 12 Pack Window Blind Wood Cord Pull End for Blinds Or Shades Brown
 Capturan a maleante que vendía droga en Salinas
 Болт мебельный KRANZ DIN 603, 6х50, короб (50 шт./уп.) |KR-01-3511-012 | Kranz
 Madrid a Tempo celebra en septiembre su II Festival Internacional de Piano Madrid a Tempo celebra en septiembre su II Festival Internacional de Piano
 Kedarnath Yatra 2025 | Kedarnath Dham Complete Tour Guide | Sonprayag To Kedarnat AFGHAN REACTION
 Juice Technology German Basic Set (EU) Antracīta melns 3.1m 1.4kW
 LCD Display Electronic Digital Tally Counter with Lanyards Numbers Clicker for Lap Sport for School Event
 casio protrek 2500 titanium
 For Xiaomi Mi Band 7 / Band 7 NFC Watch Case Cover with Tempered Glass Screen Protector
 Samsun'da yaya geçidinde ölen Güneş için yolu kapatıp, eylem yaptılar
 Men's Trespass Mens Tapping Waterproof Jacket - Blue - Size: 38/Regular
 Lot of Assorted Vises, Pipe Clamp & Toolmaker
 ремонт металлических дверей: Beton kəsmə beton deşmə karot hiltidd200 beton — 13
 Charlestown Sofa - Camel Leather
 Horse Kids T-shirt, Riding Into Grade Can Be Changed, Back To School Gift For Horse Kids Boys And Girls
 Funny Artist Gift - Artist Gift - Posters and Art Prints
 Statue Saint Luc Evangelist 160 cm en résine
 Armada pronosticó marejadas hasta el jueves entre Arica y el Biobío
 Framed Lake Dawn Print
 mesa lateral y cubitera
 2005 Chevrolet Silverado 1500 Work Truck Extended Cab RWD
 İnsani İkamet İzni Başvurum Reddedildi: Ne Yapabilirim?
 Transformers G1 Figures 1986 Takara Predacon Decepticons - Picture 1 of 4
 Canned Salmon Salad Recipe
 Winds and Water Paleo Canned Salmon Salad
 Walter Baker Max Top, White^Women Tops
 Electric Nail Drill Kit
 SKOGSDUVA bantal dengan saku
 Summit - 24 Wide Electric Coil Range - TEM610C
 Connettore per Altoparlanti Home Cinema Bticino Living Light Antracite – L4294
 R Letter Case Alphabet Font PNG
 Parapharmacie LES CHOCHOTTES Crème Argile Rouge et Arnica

> _WHAT YOU WILL DO_
Search the entries for the word "Salmon" and show every line that has it.

> _WRITTEN RESPONSE_
 Canned Salmon Salad Recipe
 Winds and Water Paleo Canned Salmon Salad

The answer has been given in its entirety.